In addition, when the stepping motor 40 is driven by predetermined steps in the forward rotating direction, in other words, when the stepping motor 40 is driven in the forward rotating direction from the state that the valve body 27 is located at the home position by a predetermined second step number, the valve body 27 is disposed at a position where the valve seat face side cut-out part 80 and the entire refrigerant outlet port 22 are overlapped with each other in the axial line “L1” direction (first valve seat face side cut-out part communicating position). This state is shown in FIG. 8. The second refrigerant flowing passage “A2” is formed and the refrigerant outlet port 22 is set in a fully opened state. A refrigerant flowing amount flowing through the second refrigerant flowing passage “A2” is determined by the entire opening area of the refrigerant outlet port 22.

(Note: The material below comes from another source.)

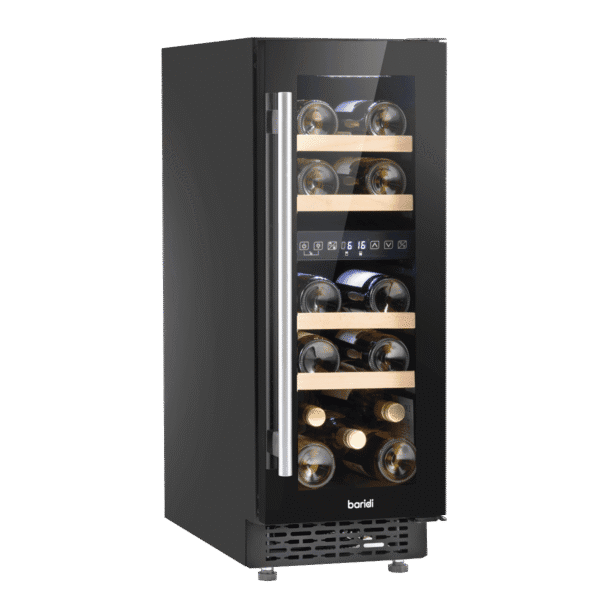 Baridi 17 Bottle Dual Zone Slim Built-In 30cm Wine Cooler with Touchscreen Controls, Beech Wood Shelves & LED Light - Black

After that, when the stepping motor 40 is driven by predetermined steps in the forward rotating direction, in other words, when the stepping motor 40 is driven in the forward rotating direction from the state that the valve body 27 is located at the home position by a predetermined third step number, the valve body 27 is disposed at a position where the valve seat face side cut-out part 81 and the entire refrigerant outlet port 22 are overlapped with each other in the axial line “L1” direction (second valve seat face side cut-out part communicating position). As a result, the second refrigerant flowing passage “A2” is formed again and the refrigerant outlet port 22 is set in a fully opened state. A refrigerant flowing amount flowing through the second refrigerant flowing passage “A2” is determined by the entire opening area of the refrigerant outlet port 22.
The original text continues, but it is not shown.